— Problem —
Copy the data verbatim and leave out every picture.

— The data —

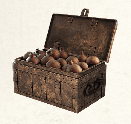 Image of item deluxeCannonballCrate2 for general information in codex.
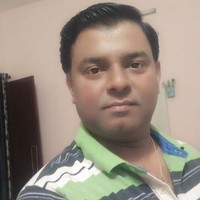 Vaibhav Verma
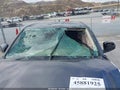 2022 Toyota Tacoma — photo 13 of 20 | VIN 3TYSZ5AN9NT076833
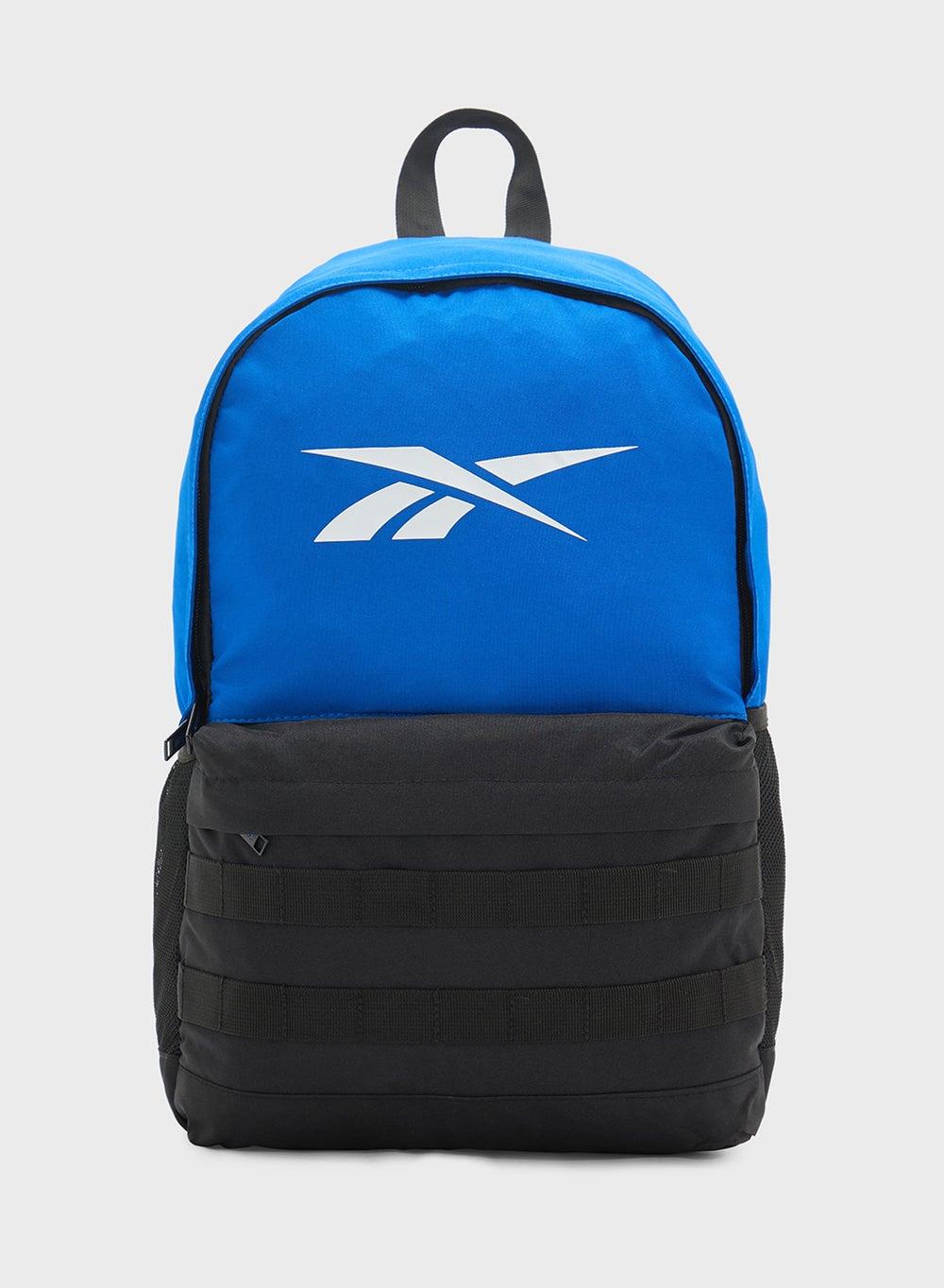 Reebok Malden 45Cm: Chic Compact Everyday Backpack - Image 1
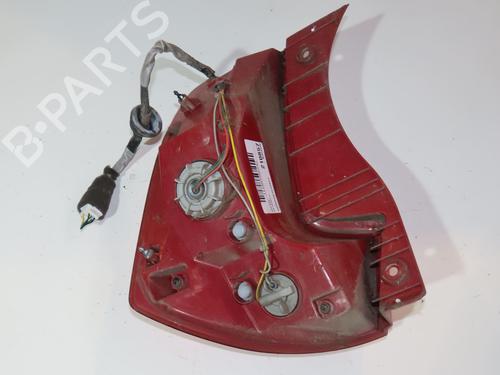 left-taillight-kia-picanto-ii-ta-2011-2012-2013-2014-2015-2016-2017-2018-28051269 main image
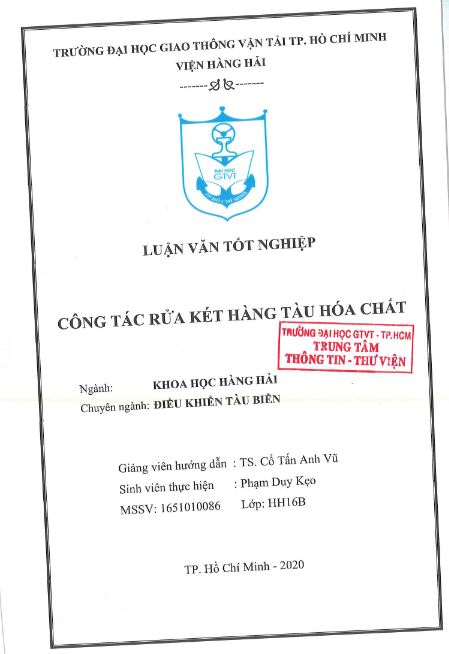 Hình ảnh thu nhỏ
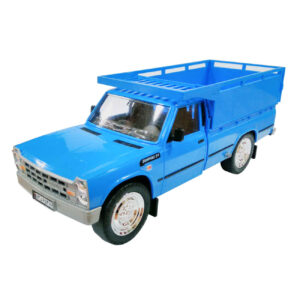 Nissan Junior 1956 Speelgoed Pick-up – Plastic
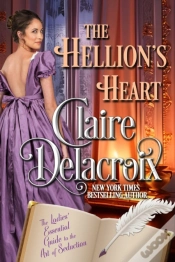 Capa do artigo Hellion
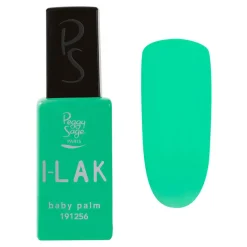 Vernis semi-permanent I-LAK baby palm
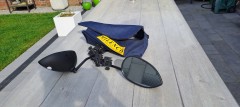 Te koop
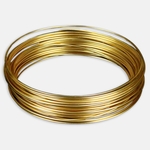 Gold (NF260-02)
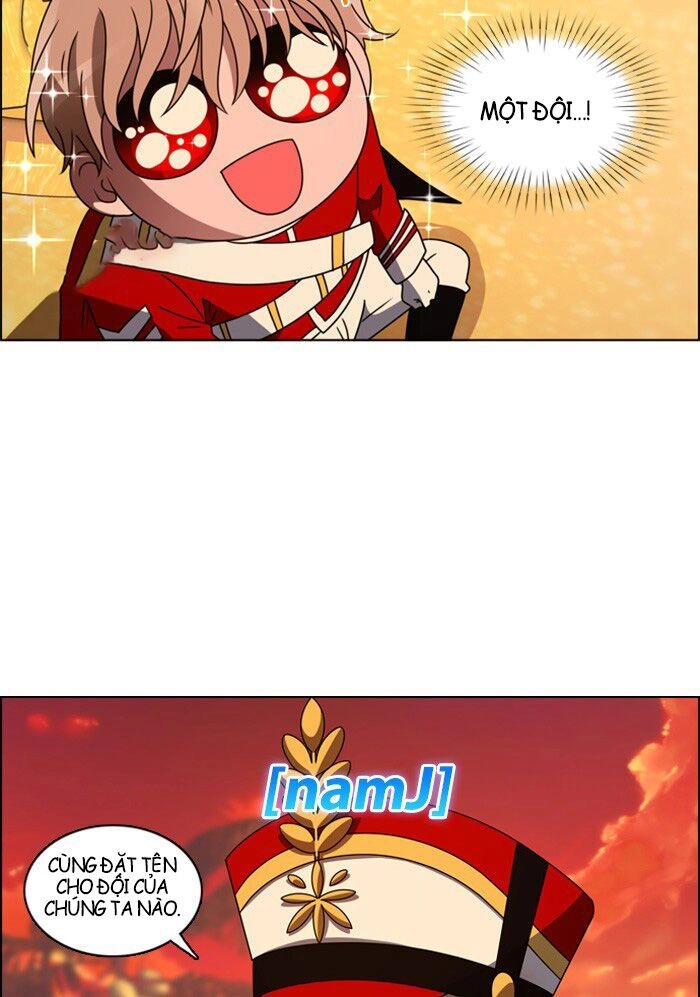 No Scope Chapter 10 - 21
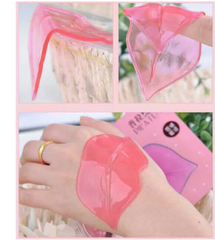 Lip Mask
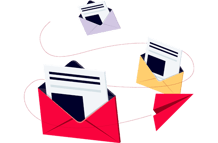 hdp_newsletter_lp_Hubspot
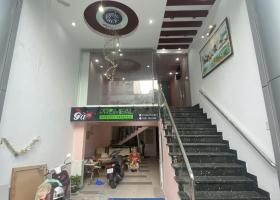 CHO THUÊ MẶT BẰNG P BẾN THÀNH-Q1-DIỆN TÍCH 30M 2047915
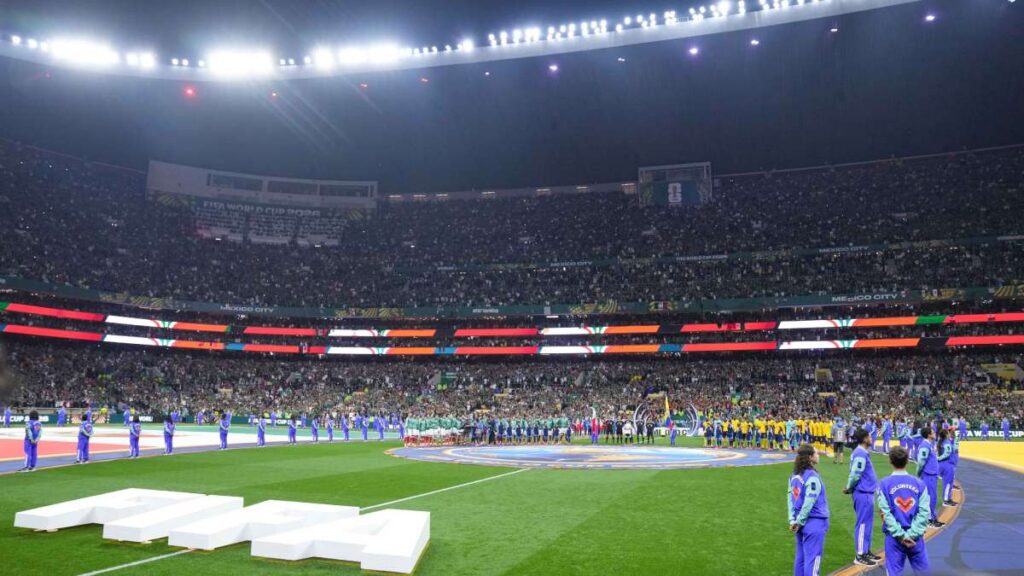 México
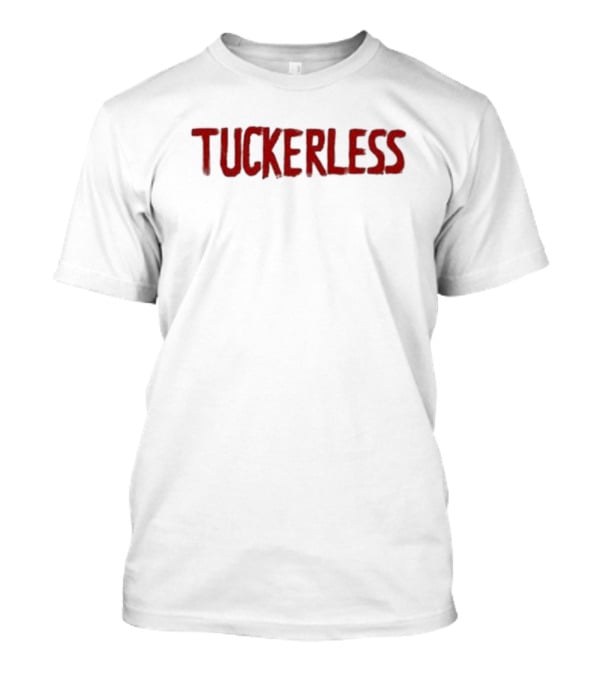 Cancel Kouture Tuckerless Merch T-Shirt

— Response area —
 Image of item deluxeCannonballCrate2 for general information in codex.
 Vaibhav Verma
 2022 Toyota Tacoma — photo 13 of 20 | VIN 3TYSZ5AN9NT076833
 Reebok Malden 45Cm: Chic Compact Everyday Backpack - Image 1
 left-taillight-kia-picanto-ii-ta-2011-2012-2013-2014-2015-2016-2017-2018-28051269 main image
 Hình ảnh thu nhỏ
 Nissan Junior 1956 Speelgoed Pick-up – Plastic
 Capa do artigo Hellion
 Vernis semi-permanent I-LAK baby palm
 Te koop
 Gold (NF260-02)
 No Scope Chapter 10 - 21
 Lip Mask
 hdp_newsletter_lp_Hubspot
 CHO THUÊ MẶT BẰNG P BẾN THÀNH-Q1-DIỆN TÍCH 30M 2047915
 México
 Cancel Kouture Tuckerless Merch T-Shirt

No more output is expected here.